That looks to be the question that France has asked – and the answer the country’s president, Emmanuel Macron, has come up with and given to his government is this – go ahead and do it.

In this particular case, the issue is coming up with a legal basis that will allow France’s tax and customs authorities access to that user data collected and retained by Facebook, Instagram – which is owned by Facebook – and several other online platforms, including eBay.

According to the report, Macron’s government has now moved forward with a proposal that has been sent to France’s parliament, which will open a debate on the draft in mid-October. If passed, this bill will allow the government to give tax and customs administrations the authority to use personal data accumulated by Facebook and others to “detect fraud.”

The time-frame to keep this data on state servers would be one month – but this will be extended for up to one year “where there is a suspicion of fraud.”

And in case French citizens thought this plan would in any way jeopardize their privacy – Budget Minister Gerald Darmanin thought he had the right arguments to assure them that it wouldn’t.

“This is not about searching your personal data. This is about some people who are trying to dodge taxes,” he is quoted as saying.

But – could it be about both?
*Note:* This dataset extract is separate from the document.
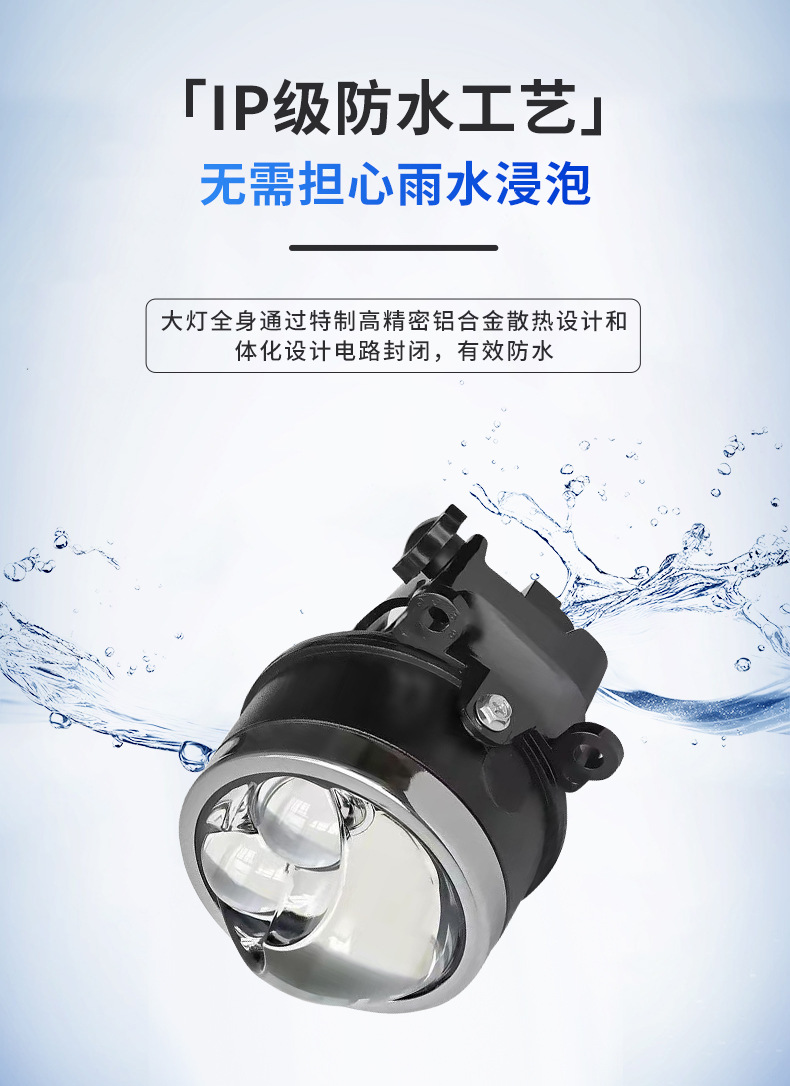 详情页_07.jpg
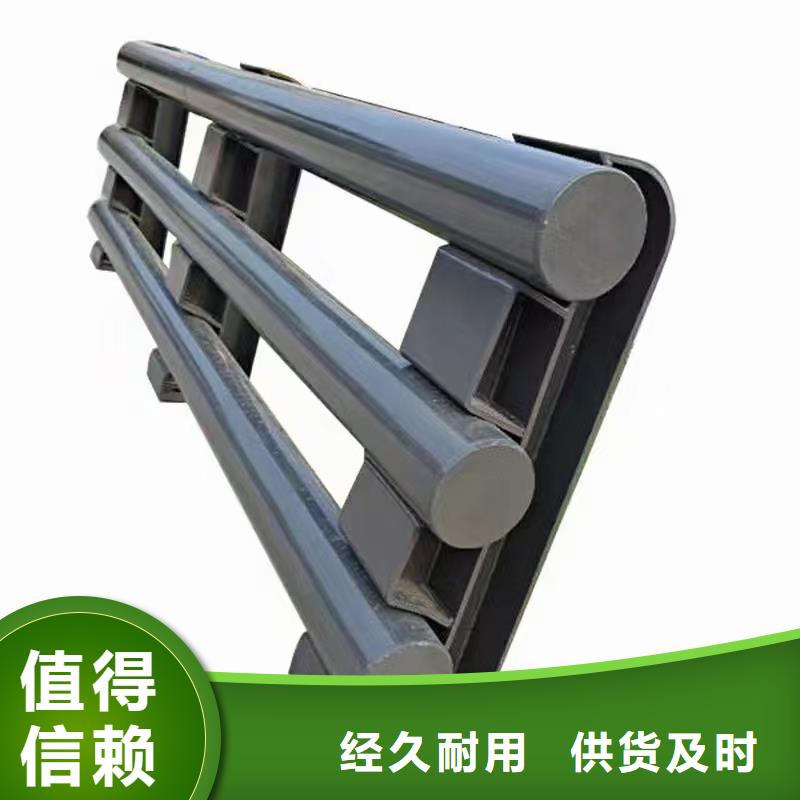 钢护栏品牌厂家-放心选购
Only time will tell if this rather realistic possibility, challenging the government’s narrative, will ever be raised in the French parliament during the upcoming debate.

For now, what is certain is that even France’s privacy watchdog feels uneasy about the proposed scheme.

“This mechanism presents very particular challenges from the point of view of freedoms, given the impact of the mechanism on privacy and its possible effects on freedom of expression online,” the organization is quoted as stating by Bloomberg.

For once, though, France is not putting itself at the very forefront of adopting controversial and potentially privacy-harming legislation. The US news agency noted that the UK is leading this particular charge – having in 2018 already embarked on collecting data from the internet for the purpose of “screening social media for tax reasons.”